Minnelli is most celebrated for his musicals, though I consider his nonmusical dramas and comedies to be his greatest achievements. In “The Clock” he lends the drama a musical-like choreographic splendor, on a grand scale, as in the roving camera amid the turmoil of Penn Station, and in an elaborate subway scene that’s all the more powerful for its blend of quasi-documentary accuracy and the hectic terror of separation and loss in the surging tide of the crowd. The near-miss irony of these coincidences lends the film a frantic, tragicomic verve. Several of the movie’s most memorable moments belong to extras, such as a pair of sanitation men who, by way of posture only, vividly convey—thanks to the canny precision of the overhead framing—their astonishment at seeing a uniformed soldier and a woman in evening garb delivering milk before sunrise. Minnelli fills the movie with such high-angle shots, peering down at Alice and Joe, whether panoramically or in extreme closeup, as if rooting them in the city’s streets and crowds.

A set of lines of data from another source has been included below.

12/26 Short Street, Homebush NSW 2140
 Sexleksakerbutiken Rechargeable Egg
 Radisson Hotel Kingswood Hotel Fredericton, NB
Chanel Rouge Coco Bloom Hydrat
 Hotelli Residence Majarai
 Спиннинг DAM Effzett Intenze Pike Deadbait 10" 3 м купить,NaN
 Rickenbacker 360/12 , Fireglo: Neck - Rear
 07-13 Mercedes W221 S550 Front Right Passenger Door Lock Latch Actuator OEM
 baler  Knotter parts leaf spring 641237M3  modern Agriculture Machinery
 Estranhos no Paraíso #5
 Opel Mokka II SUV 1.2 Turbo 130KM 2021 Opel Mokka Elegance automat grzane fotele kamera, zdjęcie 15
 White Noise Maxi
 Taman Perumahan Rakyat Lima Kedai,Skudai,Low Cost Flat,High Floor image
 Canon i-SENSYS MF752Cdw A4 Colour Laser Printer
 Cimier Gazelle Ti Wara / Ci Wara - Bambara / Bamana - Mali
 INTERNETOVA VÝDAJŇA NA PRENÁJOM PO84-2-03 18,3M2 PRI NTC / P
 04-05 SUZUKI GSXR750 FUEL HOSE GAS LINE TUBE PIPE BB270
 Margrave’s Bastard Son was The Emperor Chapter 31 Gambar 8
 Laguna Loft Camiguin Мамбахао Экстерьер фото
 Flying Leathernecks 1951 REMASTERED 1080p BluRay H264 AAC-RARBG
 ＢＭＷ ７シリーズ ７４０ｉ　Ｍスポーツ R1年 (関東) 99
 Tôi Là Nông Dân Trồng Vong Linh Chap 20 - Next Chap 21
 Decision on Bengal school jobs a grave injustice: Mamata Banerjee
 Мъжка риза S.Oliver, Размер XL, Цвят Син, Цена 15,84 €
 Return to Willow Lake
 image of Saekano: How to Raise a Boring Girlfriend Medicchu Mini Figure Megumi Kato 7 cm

During a scene of the couple sharing a quiet but mighty outpouring of spiritual devotion in the pew of a church, Minnelli deploys a sexton, silently passing between the camera and the couple, to blot out Garland and Walker at a moment of sanctified love that exceeds the possibility of it being acted out and, so, is thereby merely suggested to viewers’ imagination.
But, of course, the center of the movie, its very engine, is Garland. She invests Alice with a blend of determination and wariness, weary solitude and pent-up energy. She builds the role with gestures that are choreographically etched and vocal inflections that, with their rhythm and pitch and emphases and space and silence of music, are themselves a kind of singing. The movie is filled with her infinitesimal yet mighty touches, as in the combination of gesture and lilt when she flaunts, to her roommate Helen (Ruth Brady), a gift from Joe. And Minnelli is clearly aware of the force of her performance, creating long takes that serve as a sort of proscenium as well as urgent closeups that burst with her tremulous power.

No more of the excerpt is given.